◆ **SUPPLIED RECORDS**
= = =
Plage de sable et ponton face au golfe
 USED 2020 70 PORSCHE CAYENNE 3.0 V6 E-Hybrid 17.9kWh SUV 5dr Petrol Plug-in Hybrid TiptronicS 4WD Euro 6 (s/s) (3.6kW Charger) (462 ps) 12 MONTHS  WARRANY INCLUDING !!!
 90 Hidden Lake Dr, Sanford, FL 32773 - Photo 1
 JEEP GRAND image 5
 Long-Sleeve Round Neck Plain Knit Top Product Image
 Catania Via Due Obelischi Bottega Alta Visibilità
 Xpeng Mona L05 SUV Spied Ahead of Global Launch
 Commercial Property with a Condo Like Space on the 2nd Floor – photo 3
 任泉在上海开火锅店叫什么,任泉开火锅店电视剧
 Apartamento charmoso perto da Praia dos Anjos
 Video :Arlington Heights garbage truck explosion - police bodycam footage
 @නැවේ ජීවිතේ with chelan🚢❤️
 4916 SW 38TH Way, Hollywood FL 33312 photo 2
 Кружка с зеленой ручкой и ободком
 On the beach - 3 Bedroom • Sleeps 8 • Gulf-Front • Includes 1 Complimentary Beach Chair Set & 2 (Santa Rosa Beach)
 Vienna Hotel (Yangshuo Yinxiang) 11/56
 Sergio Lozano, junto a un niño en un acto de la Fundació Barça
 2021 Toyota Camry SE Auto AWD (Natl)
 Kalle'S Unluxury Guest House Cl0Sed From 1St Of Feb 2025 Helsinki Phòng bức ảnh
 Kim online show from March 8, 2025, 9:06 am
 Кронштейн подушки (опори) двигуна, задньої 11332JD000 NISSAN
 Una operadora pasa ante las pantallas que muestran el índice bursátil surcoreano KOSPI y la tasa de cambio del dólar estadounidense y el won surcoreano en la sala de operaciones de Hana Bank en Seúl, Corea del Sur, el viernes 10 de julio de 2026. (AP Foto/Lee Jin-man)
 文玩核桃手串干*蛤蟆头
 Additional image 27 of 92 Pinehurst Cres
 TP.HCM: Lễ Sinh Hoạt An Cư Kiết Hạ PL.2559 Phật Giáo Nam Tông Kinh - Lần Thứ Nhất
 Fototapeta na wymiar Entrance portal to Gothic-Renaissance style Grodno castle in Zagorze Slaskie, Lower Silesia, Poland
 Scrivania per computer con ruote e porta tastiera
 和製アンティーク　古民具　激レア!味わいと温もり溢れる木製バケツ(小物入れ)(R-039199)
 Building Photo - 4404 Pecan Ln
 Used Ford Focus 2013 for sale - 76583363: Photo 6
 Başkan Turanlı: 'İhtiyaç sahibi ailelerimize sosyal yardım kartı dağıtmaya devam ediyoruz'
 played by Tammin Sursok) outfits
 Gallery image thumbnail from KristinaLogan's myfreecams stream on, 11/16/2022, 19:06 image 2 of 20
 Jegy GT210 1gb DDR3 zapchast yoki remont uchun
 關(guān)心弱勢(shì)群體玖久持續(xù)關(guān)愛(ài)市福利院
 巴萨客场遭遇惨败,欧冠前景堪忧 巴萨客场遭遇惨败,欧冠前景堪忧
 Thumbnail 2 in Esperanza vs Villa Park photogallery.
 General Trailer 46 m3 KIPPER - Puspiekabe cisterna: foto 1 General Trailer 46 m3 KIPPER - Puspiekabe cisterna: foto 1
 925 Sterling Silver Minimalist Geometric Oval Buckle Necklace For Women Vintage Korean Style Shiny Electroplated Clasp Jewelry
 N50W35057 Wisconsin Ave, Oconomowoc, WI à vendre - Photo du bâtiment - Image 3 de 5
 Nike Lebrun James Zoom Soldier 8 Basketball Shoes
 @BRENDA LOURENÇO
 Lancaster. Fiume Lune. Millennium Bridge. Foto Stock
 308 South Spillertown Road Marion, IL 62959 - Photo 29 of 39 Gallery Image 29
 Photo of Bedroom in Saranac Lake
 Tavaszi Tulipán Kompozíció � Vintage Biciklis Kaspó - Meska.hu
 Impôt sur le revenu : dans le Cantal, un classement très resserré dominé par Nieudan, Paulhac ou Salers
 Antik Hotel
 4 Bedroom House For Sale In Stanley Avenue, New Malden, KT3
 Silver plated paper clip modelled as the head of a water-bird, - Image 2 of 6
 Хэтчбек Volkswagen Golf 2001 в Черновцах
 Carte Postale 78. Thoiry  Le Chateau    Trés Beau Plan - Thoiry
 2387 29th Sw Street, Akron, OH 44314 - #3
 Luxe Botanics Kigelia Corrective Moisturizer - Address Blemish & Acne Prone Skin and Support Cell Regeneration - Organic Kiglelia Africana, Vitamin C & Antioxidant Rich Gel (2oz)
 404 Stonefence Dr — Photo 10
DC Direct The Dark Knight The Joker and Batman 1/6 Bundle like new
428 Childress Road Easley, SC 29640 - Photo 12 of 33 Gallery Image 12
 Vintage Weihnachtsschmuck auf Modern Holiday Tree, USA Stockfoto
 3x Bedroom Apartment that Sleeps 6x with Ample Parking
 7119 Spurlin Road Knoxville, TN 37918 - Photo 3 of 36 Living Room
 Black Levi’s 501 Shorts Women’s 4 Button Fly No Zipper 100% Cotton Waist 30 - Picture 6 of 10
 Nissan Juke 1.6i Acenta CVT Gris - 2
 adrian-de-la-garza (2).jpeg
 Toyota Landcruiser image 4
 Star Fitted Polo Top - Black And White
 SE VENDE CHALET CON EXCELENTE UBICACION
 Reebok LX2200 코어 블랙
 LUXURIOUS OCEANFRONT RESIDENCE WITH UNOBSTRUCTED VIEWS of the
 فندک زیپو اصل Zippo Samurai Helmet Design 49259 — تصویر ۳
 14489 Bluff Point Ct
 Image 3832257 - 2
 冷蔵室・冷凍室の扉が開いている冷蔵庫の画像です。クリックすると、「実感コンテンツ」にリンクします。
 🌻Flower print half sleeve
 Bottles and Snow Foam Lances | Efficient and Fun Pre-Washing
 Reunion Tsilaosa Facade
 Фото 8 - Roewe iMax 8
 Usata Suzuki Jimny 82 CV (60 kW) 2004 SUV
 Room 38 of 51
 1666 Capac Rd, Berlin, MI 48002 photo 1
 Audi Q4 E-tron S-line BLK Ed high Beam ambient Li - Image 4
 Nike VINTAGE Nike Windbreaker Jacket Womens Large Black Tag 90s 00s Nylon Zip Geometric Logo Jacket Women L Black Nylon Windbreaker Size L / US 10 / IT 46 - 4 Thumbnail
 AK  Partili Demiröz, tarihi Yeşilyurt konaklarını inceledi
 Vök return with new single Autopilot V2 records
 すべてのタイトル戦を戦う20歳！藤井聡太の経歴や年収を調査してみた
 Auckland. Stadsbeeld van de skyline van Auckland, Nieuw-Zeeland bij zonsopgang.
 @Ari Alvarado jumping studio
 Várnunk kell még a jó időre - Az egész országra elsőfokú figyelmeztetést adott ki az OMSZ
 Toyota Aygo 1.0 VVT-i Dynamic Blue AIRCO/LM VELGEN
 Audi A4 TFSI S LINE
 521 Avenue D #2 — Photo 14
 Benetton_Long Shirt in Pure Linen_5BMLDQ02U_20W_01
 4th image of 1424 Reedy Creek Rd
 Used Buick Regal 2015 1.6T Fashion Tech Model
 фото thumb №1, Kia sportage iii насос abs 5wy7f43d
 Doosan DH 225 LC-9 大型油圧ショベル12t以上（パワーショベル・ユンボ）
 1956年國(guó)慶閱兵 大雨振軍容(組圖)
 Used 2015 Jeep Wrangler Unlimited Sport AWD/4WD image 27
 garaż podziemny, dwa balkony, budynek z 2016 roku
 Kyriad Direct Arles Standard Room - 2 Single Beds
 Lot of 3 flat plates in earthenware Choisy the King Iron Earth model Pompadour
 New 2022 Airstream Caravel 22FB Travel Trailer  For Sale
= = =
I'd like the lines above from the one with "Vintage Weihnachtsschmuck auf" up to and including the one with "1666 Capac Rd, Berlin, MI 48002 photo 1" copied exactly, with no other lines.

 Vintage Weihnachtsschmuck auf Modern Holiday Tree, USA Stockfoto
 3x Bedroom Apartment that Sleeps 6x with Ample Parking
 7119 Spurlin Road Knoxville, TN 37918 - Photo 3 of 36 Living Room
 Black Levi’s 501 Shorts Women’s 4 Button Fly No Zipper 100% Cotton Waist 30 - Picture 6 of 10
 Nissan Juke 1.6i Acenta CVT Gris - 2
 adrian-de-la-garza (2).jpeg
 Toyota Landcruiser image 4
 Star Fitted Polo Top - Black And White
 SE VENDE CHALET CON EXCELENTE UBICACION
 Reebok LX2200 코어 블랙
 LUXURIOUS OCEANFRONT RESIDENCE WITH UNOBSTRUCTED VIEWS of the
 فندک زیپو اصل Zippo Samurai Helmet Design 49259 — تصویر ۳
 14489 Bluff Point Ct
 Image 3832257 - 2
 冷蔵室・冷凍室の扉が開いている冷蔵庫の画像です。クリックすると、「実感コンテンツ」にリンクします。
 🌻Flower print half sleeve
 Bottles and Snow Foam Lances | Efficient and Fun Pre-Washing
 Reunion Tsilaosa Facade
 Фото 8 - Roewe iMax 8
 Usata Suzuki Jimny 82 CV (60 kW) 2004 SUV
 Room 38 of 51
 1666 Capac Rd, Berlin, MI 48002 photo 1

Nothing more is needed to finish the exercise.